Map 046: Corrupted Chapel. A small church for those small towns and minor deities.

Map 047: Fallen Convent. A church with a wing of living quarters. 

Map 048: Infernal Cathedral: A grand church for when a small temple just won't do.


----------



## thullgrim

I have not said it before but I will say it now.  These are Great!, I check this thread every couple of days just to look at the maps.

Thullgrim


----------



## blargney the second

Great stuff!  It's very inspiring
-blarg


----------



## Phineas Crow

Map 049: Unmarked Sepulcher. A small underground tomb.

Map 050: Warded Vault. A storage vault, originally designed for a castle's underground vault.

Map 051: Lesser Gallery. A small generic dungeon.


----------



## Galethorn

Wow, these are great! Especially the caves...you can never have enough good maps of caves, you know.


----------



## Phineas Crow

Map 052: Border Fort. Several buildings surrounded by a palisade.

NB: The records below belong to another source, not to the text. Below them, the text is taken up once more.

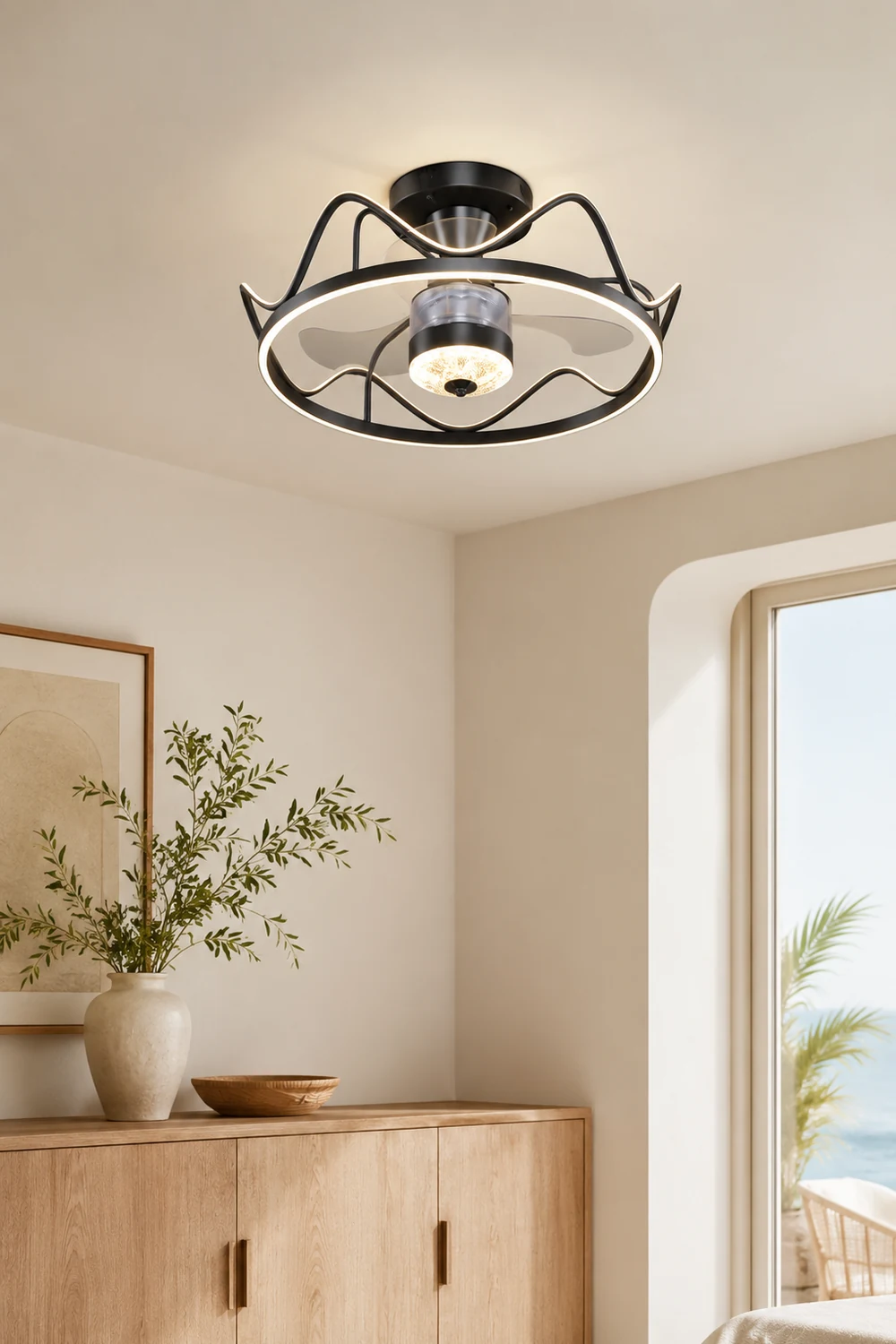 Kelley Deckenventilator mit Beleuchtung Gold & Schwarz, ∅65CM - Lumpaz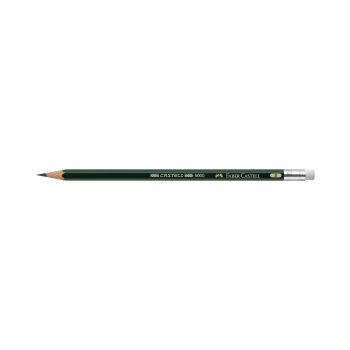 FABER-CASTELL Bleistift CASTELL 9000 mit Radierer B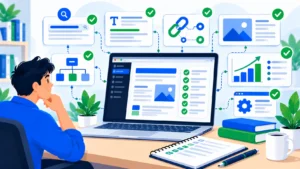 WordPress SEO checklist represented by website settings, page links, image optimization, and search analytics.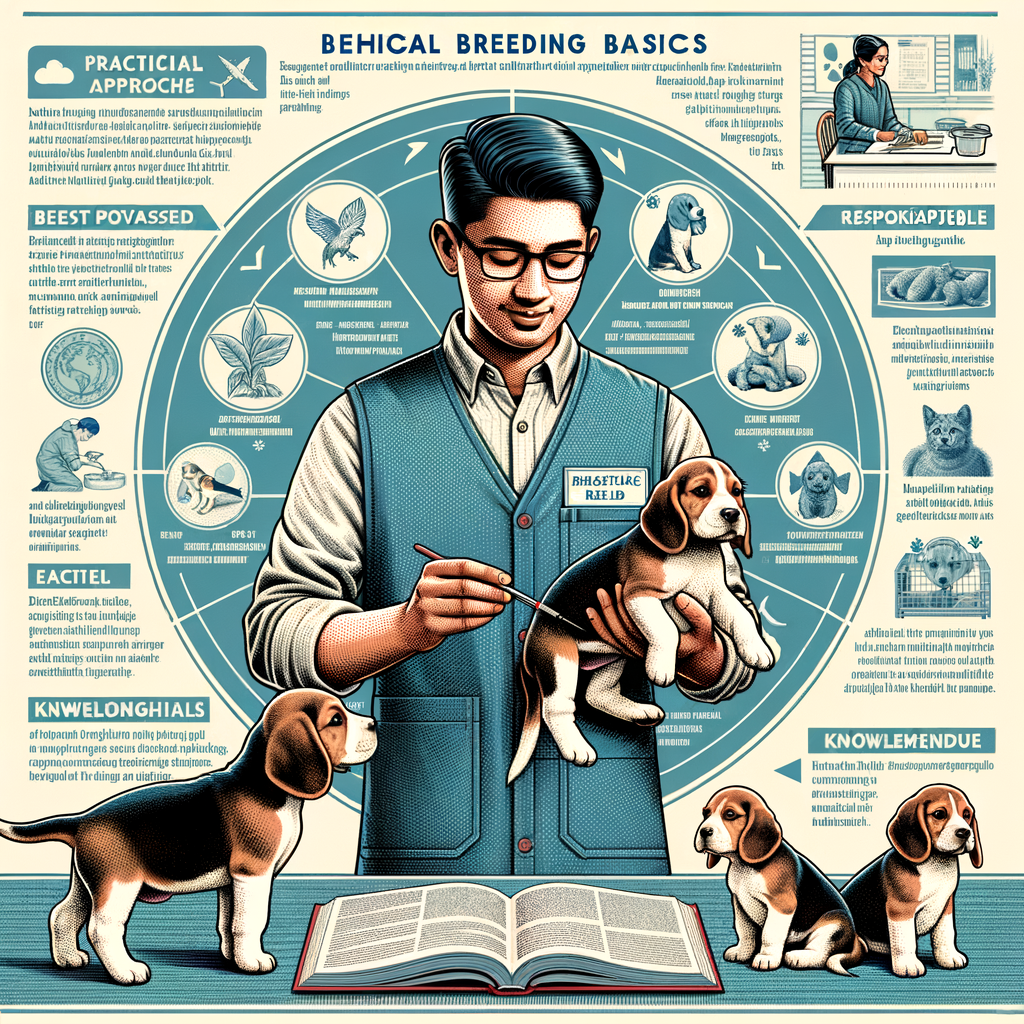 Knowledgeable breeder providing care to Beagle puppies with a Beagle Breeding Basics guidebook, demonstrating Responsible Beagle Ownership and ethical Beagle Breeding Practices for Understanding Beagle Breeding.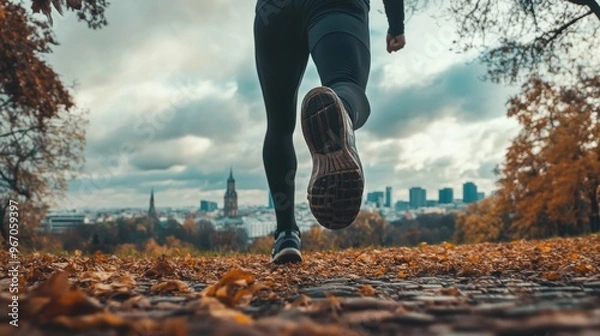 Fototapeta Close_up_of_Dynamic_photo_of_a_person_doing_a workout, running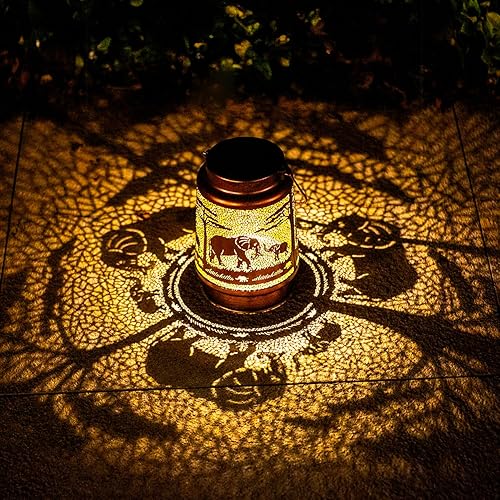 Vista 17 de Faroles solares de gato para exteriores, impermeables, luces solares colgantes, regalos para mujeres y hombres, faroles LED decorativos de metal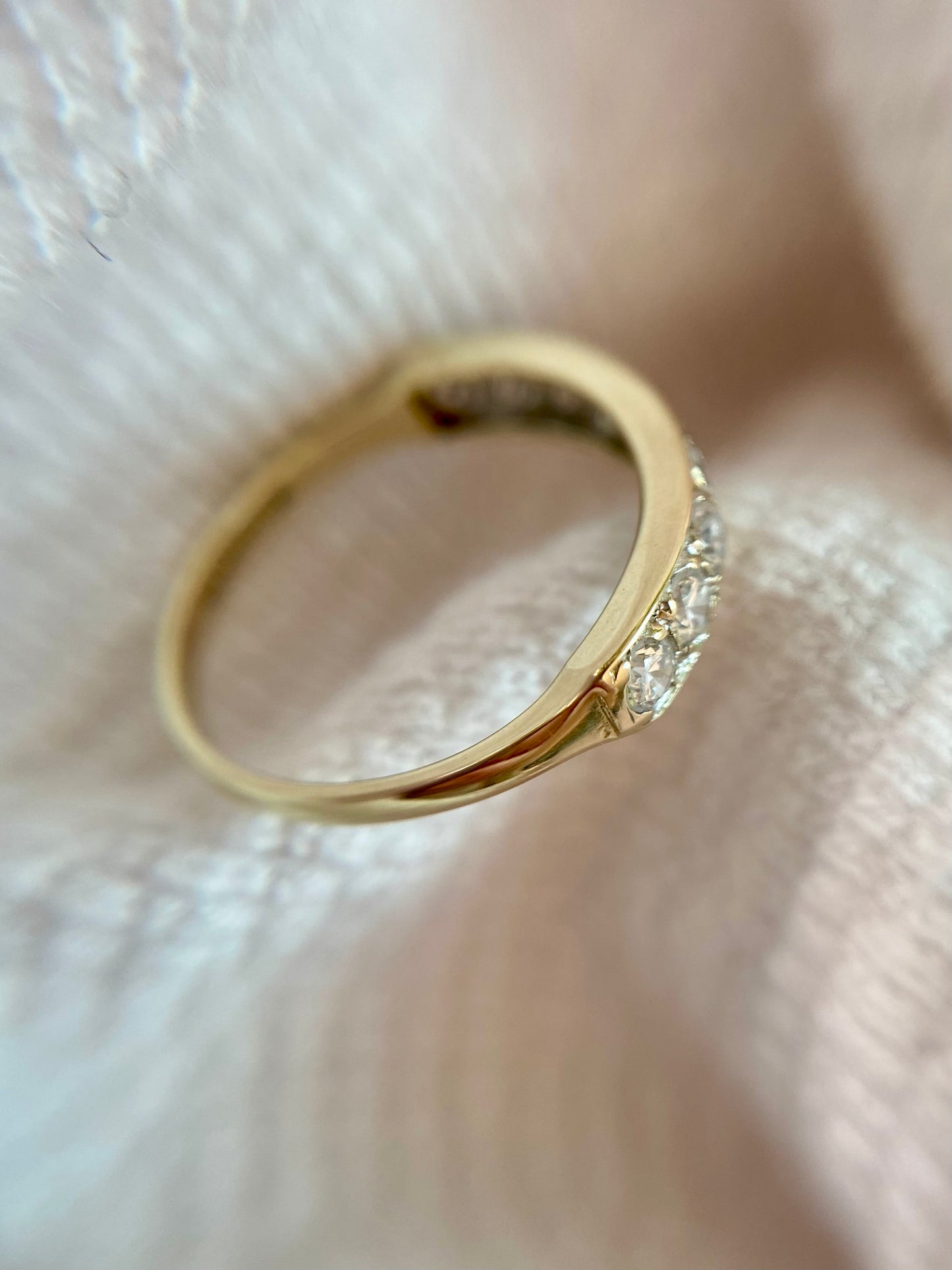 Vintage 9ct Gold CZ Half Eternity Ring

Map 053: River Castle. A castle built within a river with bridges connecting it to both river banks.

Map 054: Citadel of Entropy. A maze-like complex. Originally designed as an ancient citadel built by a long dead minotaur civilization.


----------



## MerakSpielman

Excellent thread. Thank you Phineas!


----------



## KB9JMQ

First, Thanks these are great.
Second - I yanked all of em. Can never have too many maps.
Third - What are you doing these in. I would love to give it a try.

Darrin


----------



## Phineas Crow

KB9JMQ said:
			
		

> ...What are you doing these in. I would love to give it a try.
> 
> Darrin




I use Campaign Cartographer 2 with the Dungeon Designer addon.

My maps aren't the best showcase of what the program can do since I ignore most of the fancy options and keep my maps simple.


----------



## Nifelhein

Phineas Crow said:
			
		

> I use Campaign Cartographer 2 with the Dungeon Designer addon.
> 
> My maps aren't the best showcase of what the program can do since I ignore most of the fancy options and keep my maps simple.



 That is no big deal for me, the map itself is hard for me because of the rational elements I must account for when doing it, yours have addressed it fairly well and have some degree of similarity to reality, so it is good for me.

Also, simple=good and for us all, as many have said, your maps=what we were looking for.


----------



## Phineas Crow

Here is a look at what I can do with CC2. As you can see you can make some really nice looking maps with it, but its a trade off. You can't shrink the map without losing the details, so you end up with massively large maps.


----------



## Phineas Crow

I've added a grid to the map...


----------



## Sunaj2k3

*Phineas's phine maps...*

This is an excellent thread.  Keep up the work and the great craftsmanship.

You mentioned awhile back you were interested in doing multi-level cave systems.  I liked what you did with Undercellar.  How about a set of maps that deal with the above and belowground levels of a floating/flying citadel?


----------



## Phineas Crow

Sunaj2k3 said:
			
		

> How about a set of maps that deal with the above and belowground levels of a floating/flying citadel?




Well its not floating or flying, but the upcoming Knight's Stronghold (maps #067-072) is a multi-level castle with basements. No caves, but does feature a moat and moathouse.

I'm currently working on the Forgeworks (maps #082-087) an underground multi-level dwarven forge/mine complex.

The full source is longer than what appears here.